#### Caption-style text data:
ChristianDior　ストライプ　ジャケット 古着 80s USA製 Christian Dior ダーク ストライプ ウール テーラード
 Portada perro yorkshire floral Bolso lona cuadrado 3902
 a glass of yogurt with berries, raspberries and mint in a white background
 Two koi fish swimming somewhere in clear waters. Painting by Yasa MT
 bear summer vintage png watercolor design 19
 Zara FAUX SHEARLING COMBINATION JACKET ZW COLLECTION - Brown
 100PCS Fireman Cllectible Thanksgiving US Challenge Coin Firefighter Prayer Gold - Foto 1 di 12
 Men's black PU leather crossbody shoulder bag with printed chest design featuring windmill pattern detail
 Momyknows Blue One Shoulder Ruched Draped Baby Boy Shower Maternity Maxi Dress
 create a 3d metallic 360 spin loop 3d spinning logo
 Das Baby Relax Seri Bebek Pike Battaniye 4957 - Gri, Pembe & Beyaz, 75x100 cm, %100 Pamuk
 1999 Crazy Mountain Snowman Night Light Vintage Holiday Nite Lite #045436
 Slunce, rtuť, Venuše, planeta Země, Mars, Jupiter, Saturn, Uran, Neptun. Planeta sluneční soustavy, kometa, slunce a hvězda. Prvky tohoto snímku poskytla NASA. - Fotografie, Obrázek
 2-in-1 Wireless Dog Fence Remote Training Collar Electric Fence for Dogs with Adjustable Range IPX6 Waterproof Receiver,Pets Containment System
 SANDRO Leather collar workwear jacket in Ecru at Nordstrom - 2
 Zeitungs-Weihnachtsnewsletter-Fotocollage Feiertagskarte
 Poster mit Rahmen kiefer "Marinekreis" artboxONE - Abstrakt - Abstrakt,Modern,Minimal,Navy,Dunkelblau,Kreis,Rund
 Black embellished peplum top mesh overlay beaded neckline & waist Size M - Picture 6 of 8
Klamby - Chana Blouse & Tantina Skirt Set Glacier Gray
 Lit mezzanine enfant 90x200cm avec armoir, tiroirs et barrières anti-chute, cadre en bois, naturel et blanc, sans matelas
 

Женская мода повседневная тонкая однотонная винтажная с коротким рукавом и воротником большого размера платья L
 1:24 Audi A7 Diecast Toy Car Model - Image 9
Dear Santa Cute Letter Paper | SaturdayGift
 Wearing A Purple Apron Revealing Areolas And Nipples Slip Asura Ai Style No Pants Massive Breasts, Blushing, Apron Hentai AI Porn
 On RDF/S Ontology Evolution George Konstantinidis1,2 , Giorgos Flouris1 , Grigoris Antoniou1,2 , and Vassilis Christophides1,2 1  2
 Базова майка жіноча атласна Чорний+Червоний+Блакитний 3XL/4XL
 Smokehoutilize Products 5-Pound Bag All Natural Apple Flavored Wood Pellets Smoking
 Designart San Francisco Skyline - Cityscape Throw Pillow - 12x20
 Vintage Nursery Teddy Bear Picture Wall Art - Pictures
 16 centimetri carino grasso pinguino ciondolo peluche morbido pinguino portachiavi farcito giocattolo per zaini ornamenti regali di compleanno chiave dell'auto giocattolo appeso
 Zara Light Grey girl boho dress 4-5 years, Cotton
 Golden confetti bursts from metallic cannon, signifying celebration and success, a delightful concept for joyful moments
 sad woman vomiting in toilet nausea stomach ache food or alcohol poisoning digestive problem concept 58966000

#### WHAT IS BEING ASKED:
Copy each line of the records above that carries the word "concept".

#### RESPONSE BELOW:
 Golden confetti bursts from metallic cannon, signifying celebration and success, a delightful concept for joyful moments
 sad woman vomiting in toilet nausea stomach ache food or alcohol poisoning digestive problem concept 58966000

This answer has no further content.